On 22 June Mr Beaumont reported that the tribe had been wrongly described as ‘undiscovered’ when its existence had been known of for many years, and that the Brazilian official and Survival had now ‘admitted’ and ‘conceded’ this.
In fact, neither the Brazilian government nor Survival has ever claimed that the tribe was ‘undiscovered’ or ‘unknown’. They said only that the tribe was ‘uncontacted’, which was correct. They have ‘admitted’ and ‘conceded’ nothing, because there is nothing to admit or concede.
Mr Beaumont’s article has sparked a wave of damaging media coverage which describes the photos as a ‘hoax’, a ‘stunt’, a ‘joke’ and a ‘fake’. Some reports have said that the photos were ‘staged’.
The Observer has since said that it did not intend to present the photos as a hoax, or to suggest that Survival had made ‘any admission of any kind’. It has offered to print a letter it was sent by Survival before other newspapers had picked up on Mr Beaumont’s piece, which therefore did not address the allegations that have now been made. It has refused, however, to publish a correction.

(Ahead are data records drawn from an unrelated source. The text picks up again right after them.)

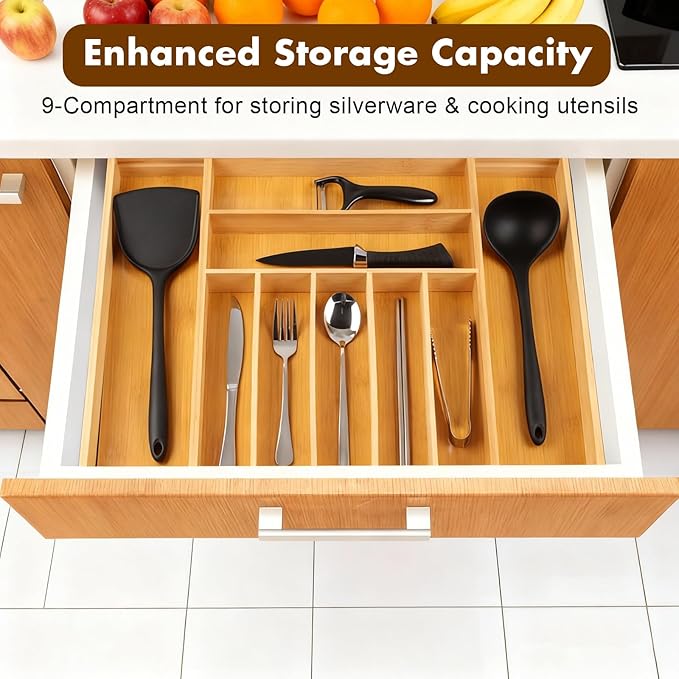 Bamboo Drawer Organizer, Expandable Flatware Cutlery Tray, 9 Slots Adjustable Kitchen Utensil Drawer Dividers Silverware Tray Holder for Spoons, Forks, Knives (Natural)
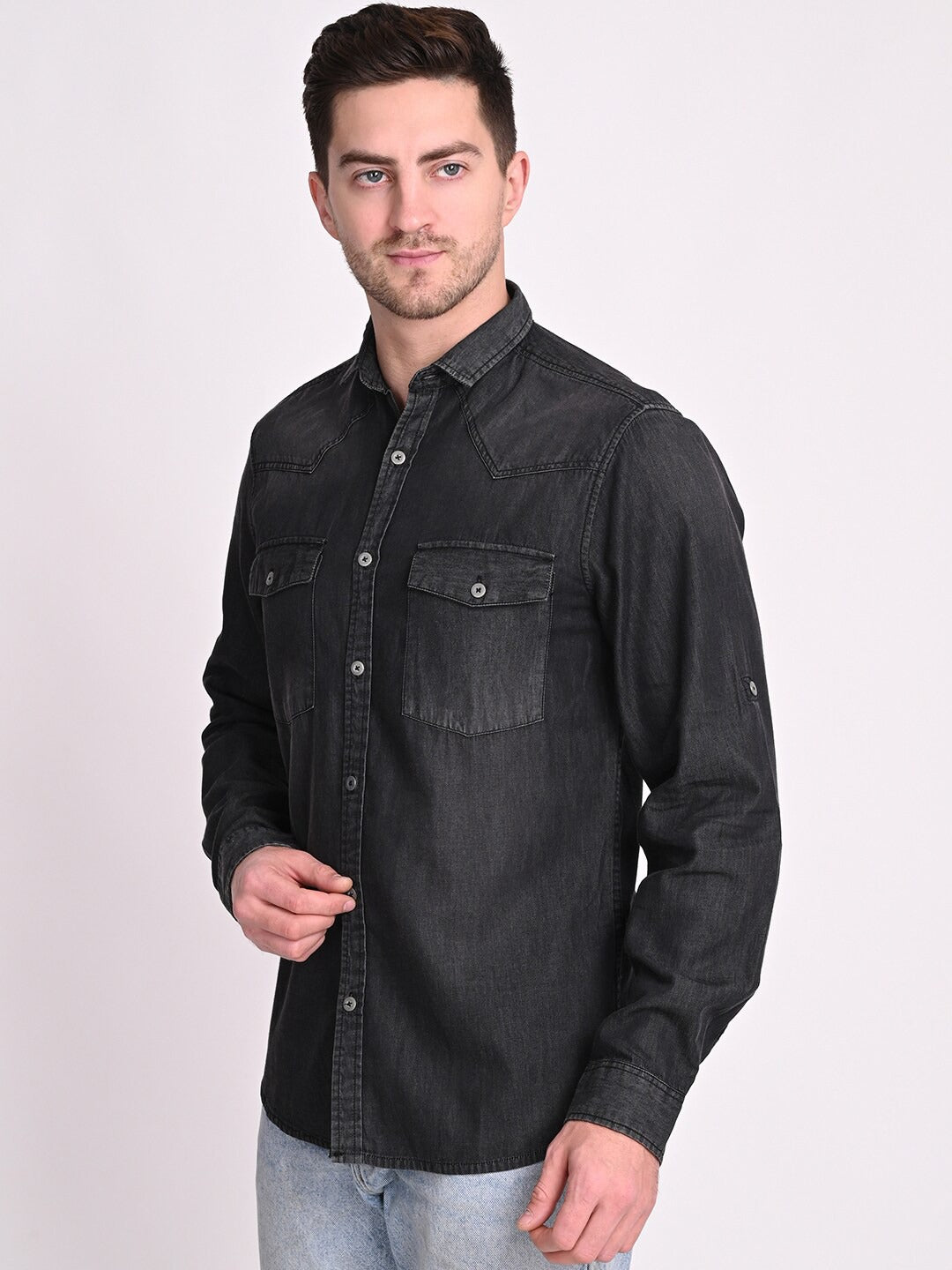Black Relaxed Casual Shirt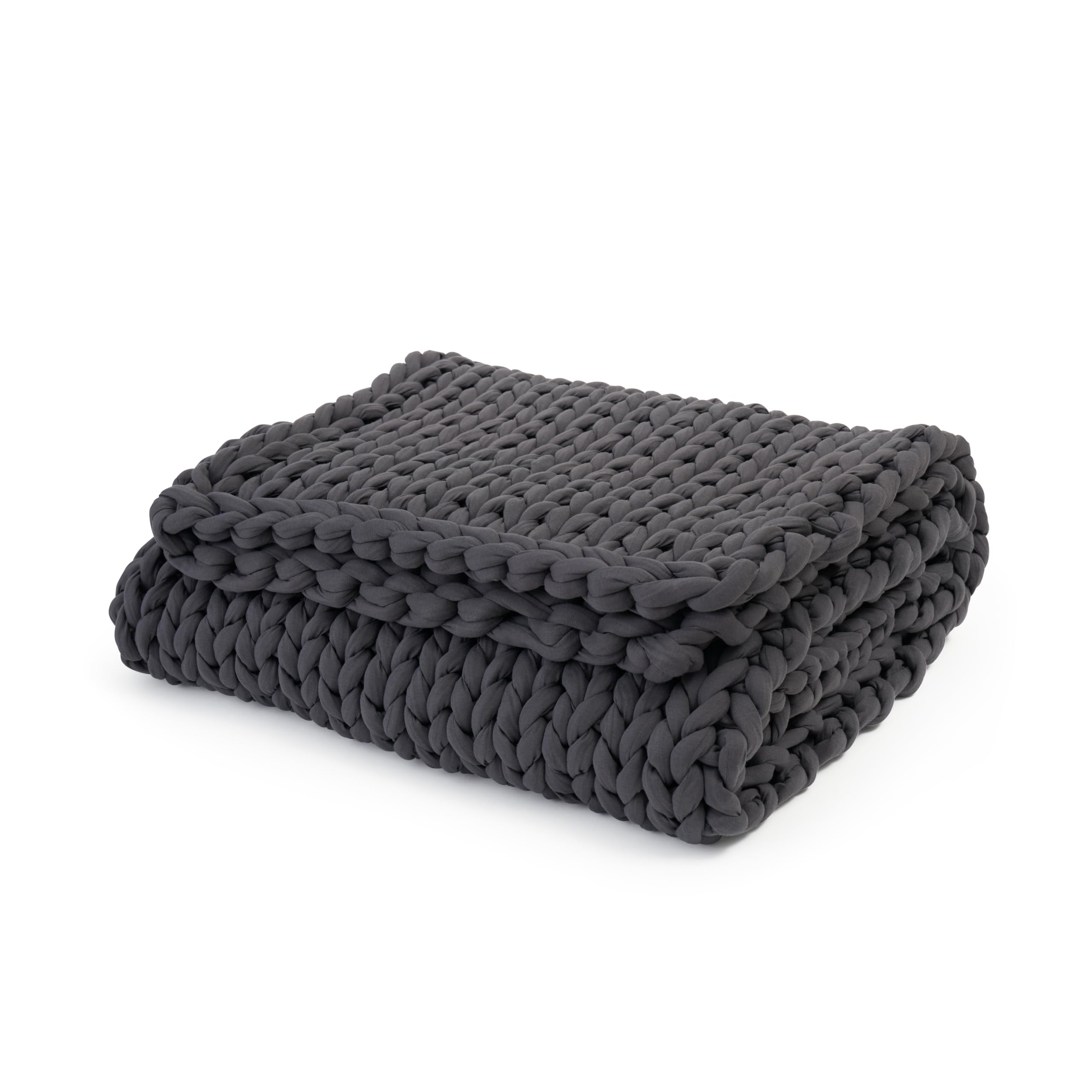 Bearaby Handgestrickte Gewichtete Decken für Erwachsene, Entwickelt in Deutschland, Patentiertes Design, 100% Bio-Baumwolle – Natürliches Gewicht Ohne Plastik (Asteroidgrau, 6,8 kg, 100 x 180 cm)
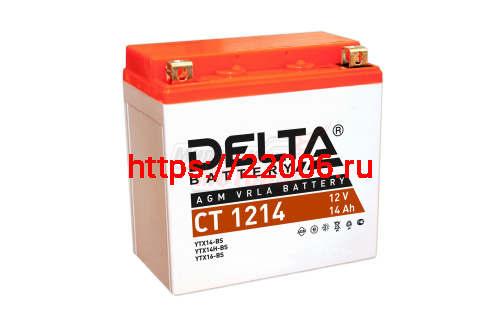 Аккумулятор 12В14Ач DELTA CT1214 (YTX14-BS) (кислотный, герметичный) (прямая полярн) (150*86*148мм) (Yamaha500,1000)
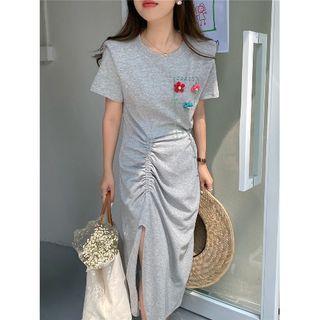Short-sleeve Slit Midi T-shirt Dress Gray - One Size
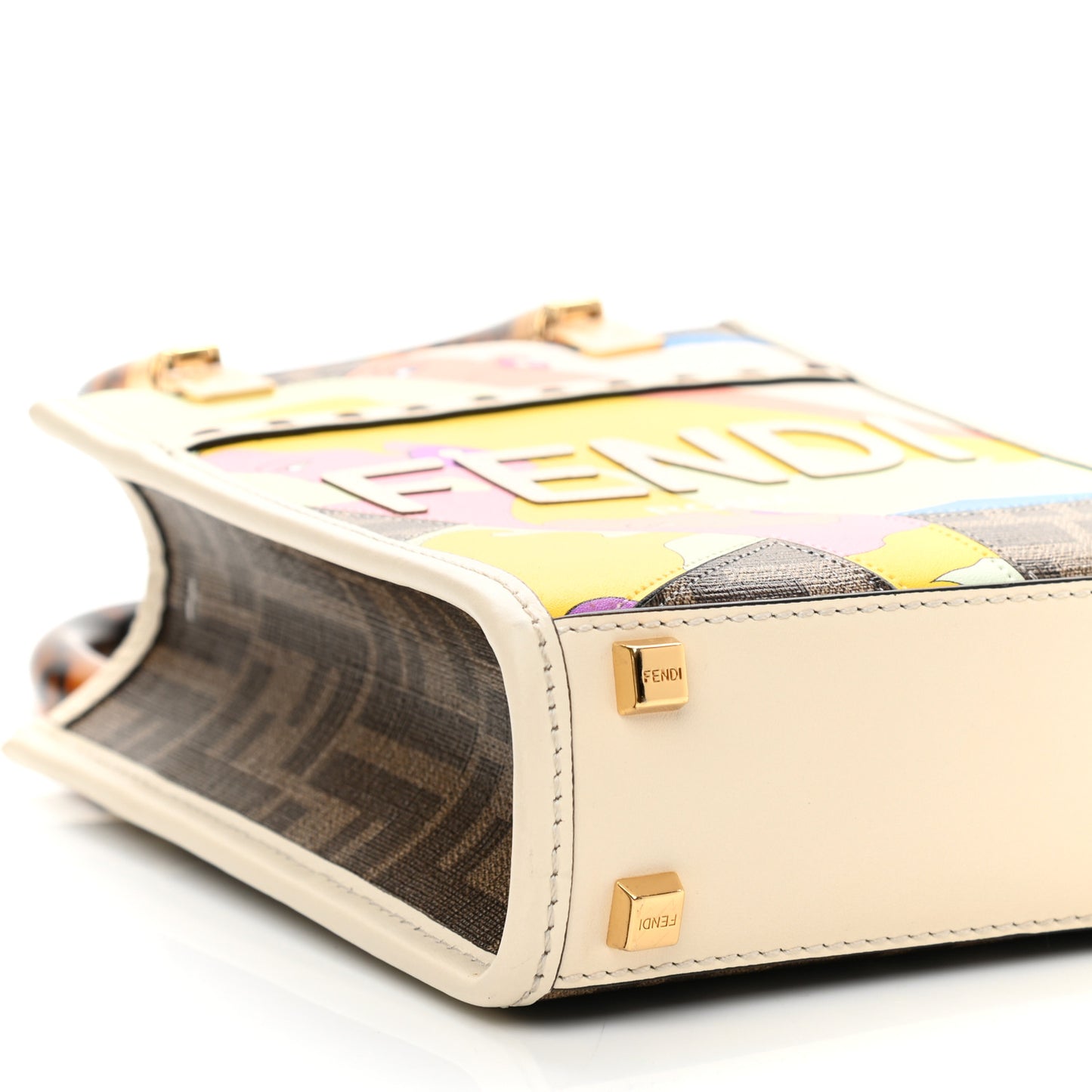 Glazed Fabric Vitello King Plexiglass FF 1974 Logo Hairdo Girls Inlay Mini Fendi Sunshine Shopper Tote Mogano Panna Multicolor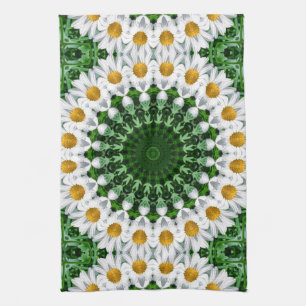 Linge De Cuisine Mandala blanche en marguerite avec symétrie verte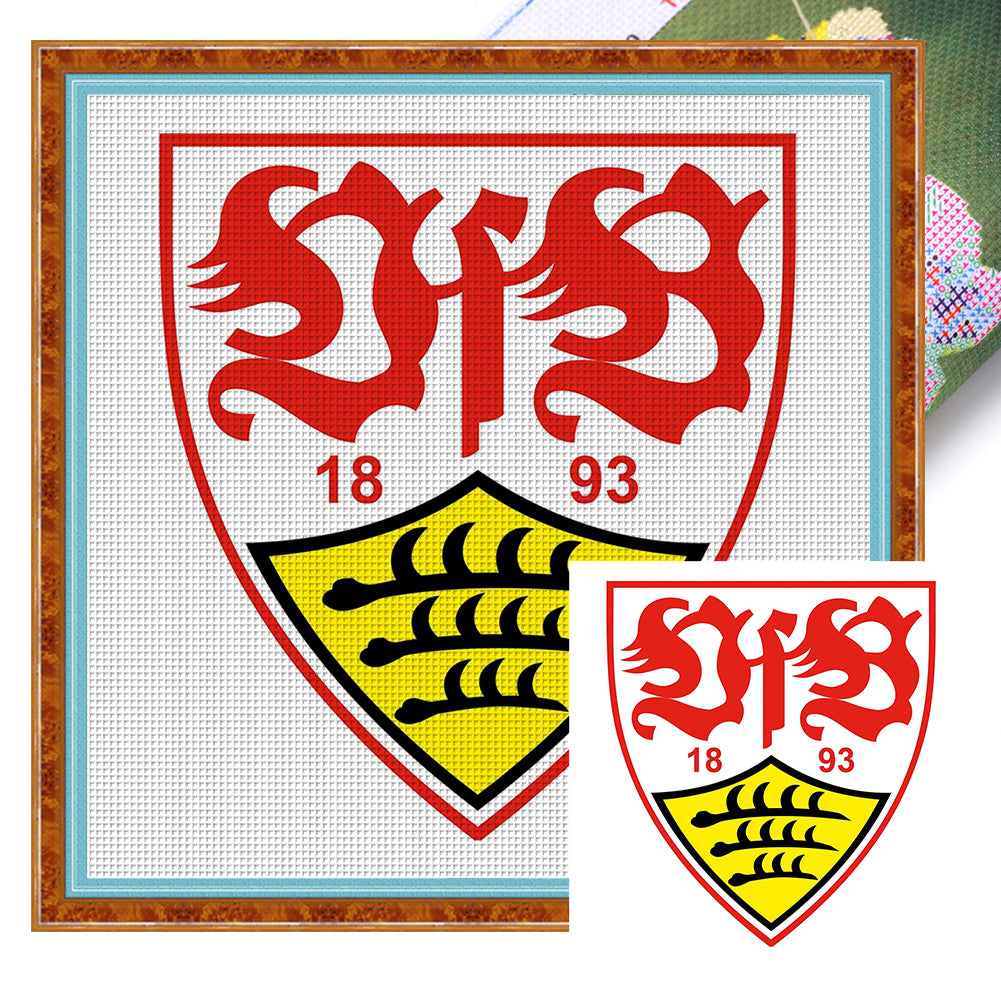 Stuttgart Second Football Team Logo (40*40CM) 11CT Stamped Cross Stitch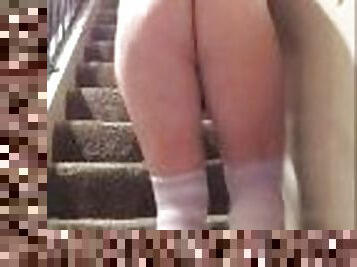 Thick Goth Ass Stair Crawl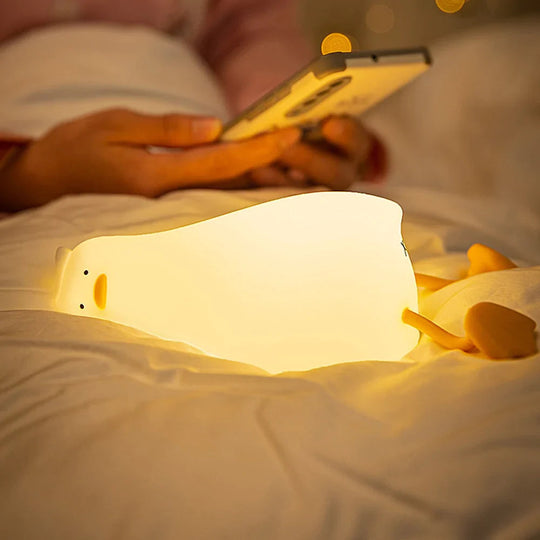 Nachtlampje Eend Voor Kinderkamer Met Drie Lichtstanden Op Batterijen 0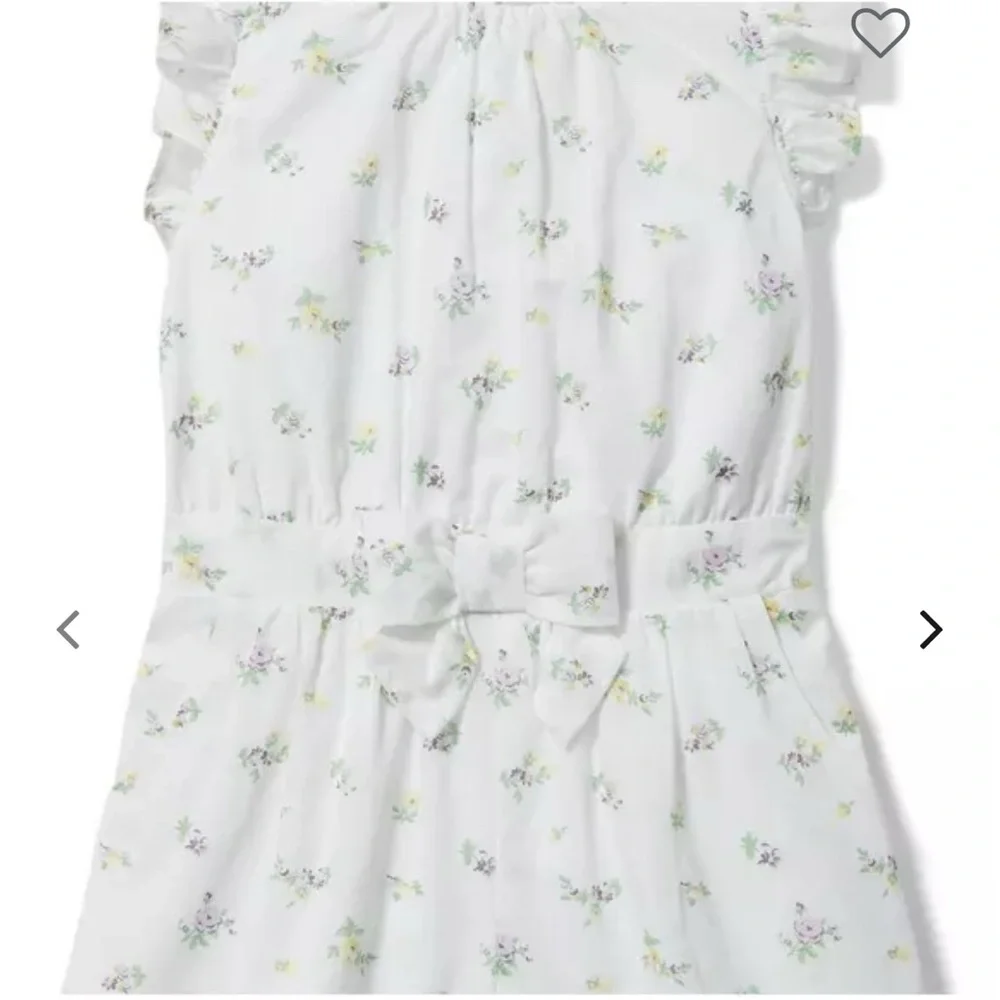 Janie and Jack White Floral Ruffle Romper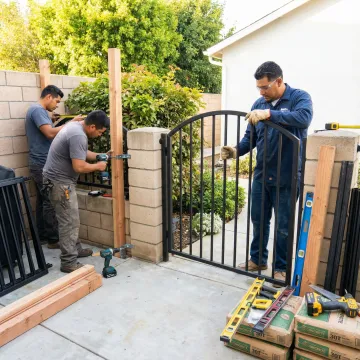 Professional fence installation team working on custom fencing project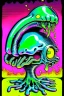 Placeholder: Vintage illustration of a slimey silver chrome brain melting, mercury liquid dripping, metal chrome colors, cartoonist animation style, hand drawn, neon lighting, gross art, pop punk, 90s anime inspired, airbrushing, post modern, horror cut, gradient chrome abberations, retro weird drawings, alien brain matter, blood spatter , scifi punk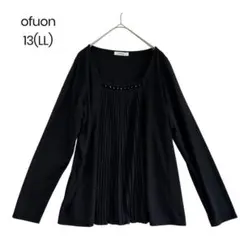 【ofuon】スクエアネック 黒 トップス フロントタック13(LL)a0784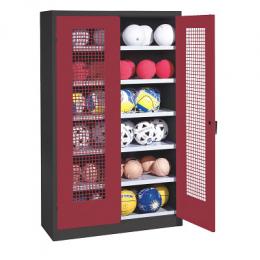 C+P Ballschrank mit Lochblech-Flügeltüren (Typ 3), HxBxT 195x120x50 cm, Ergo-Lock Muldengriff, Rubinrot (RAL 3003), Anthrazit (RAL 7021), Gleichschließung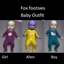 Fox footsies baby outfit logo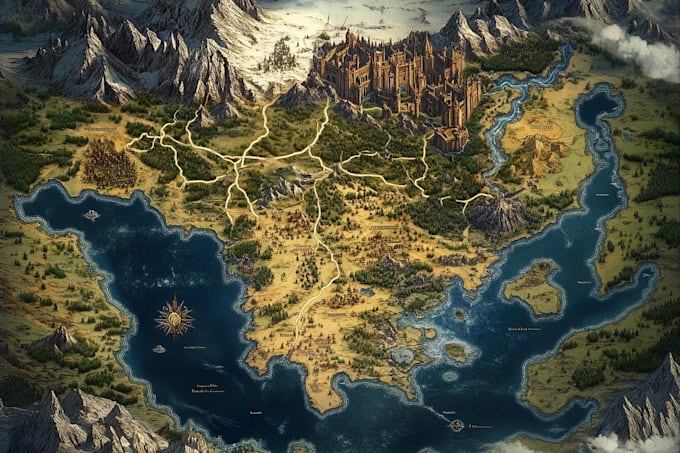 draw map illustration map design fantasy map illustration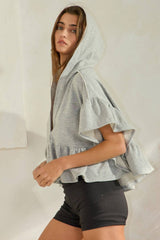 Short Sleeve Ruffled Hoodie Crop Top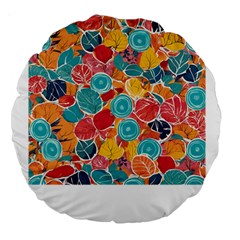 floral and leaves pattern Large 18  Premium Round Cushions from ArtsNow.com Front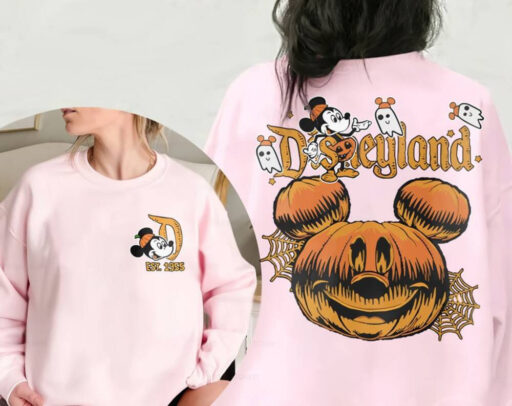 Comfort Colors Retro Disneyland Halloween Two Side Shirt, Disneyworld Two Side Halloween Sweater, Halloween Trip Matching Tee, Spooky Season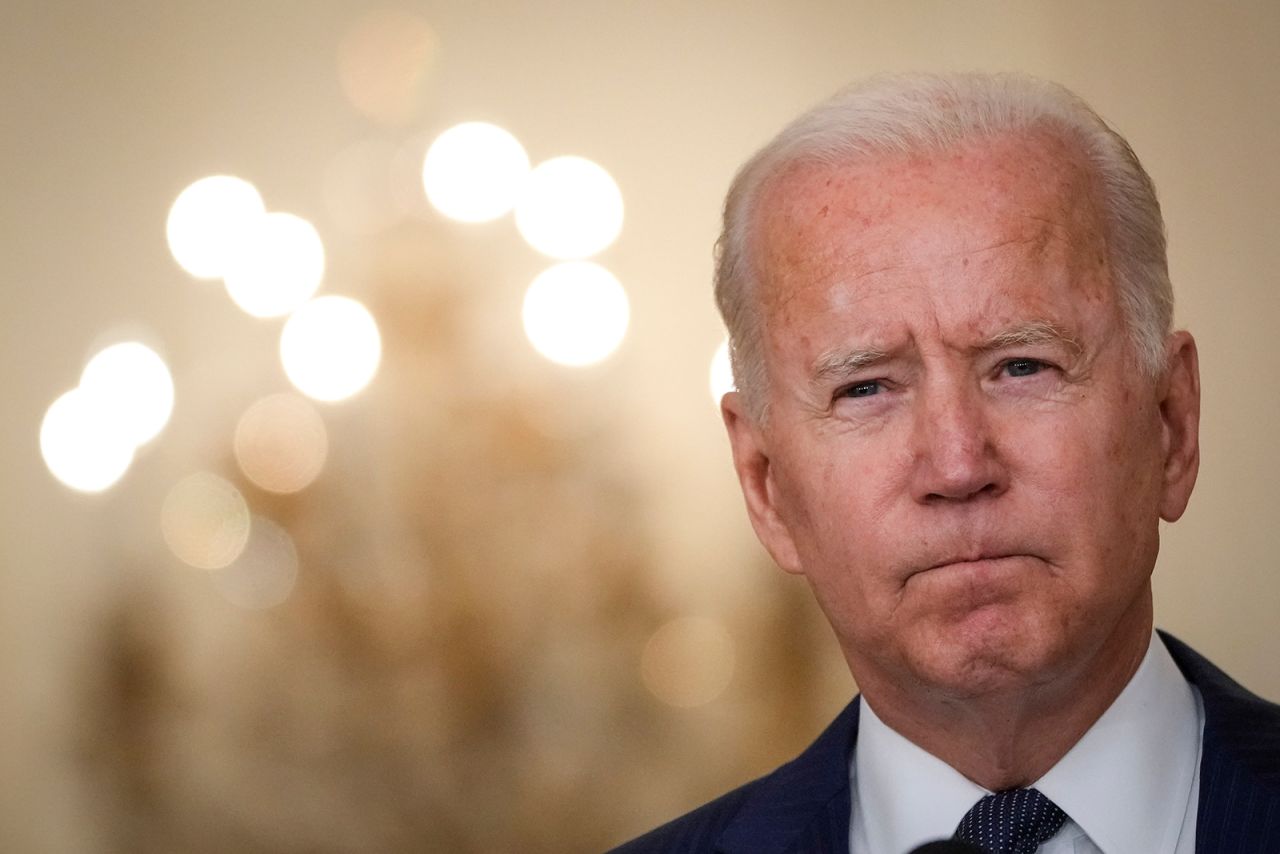 U.S. President Joe Biden speaks about the situation in Afghanistan in the East Room of the White House on August 26 in Washington, DC.?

Stephen Corry, Director of Survival, said today, ‘This is the first time in 39 years that a journalist has threatened to take legal proceedings against us. What makes it all the more astonishing is that the wave of reports precipitated by Mr Beaumont’s article has seriously undermined the fight for tribal peoples’ rights. So far from taking responsibility for the inaccuracies of his piece, he’s going to sue us unless we keep quiet! It might reflect better on The Observer if they simply acknowledged that they had got it wrong, and that our original story was completely accurate.’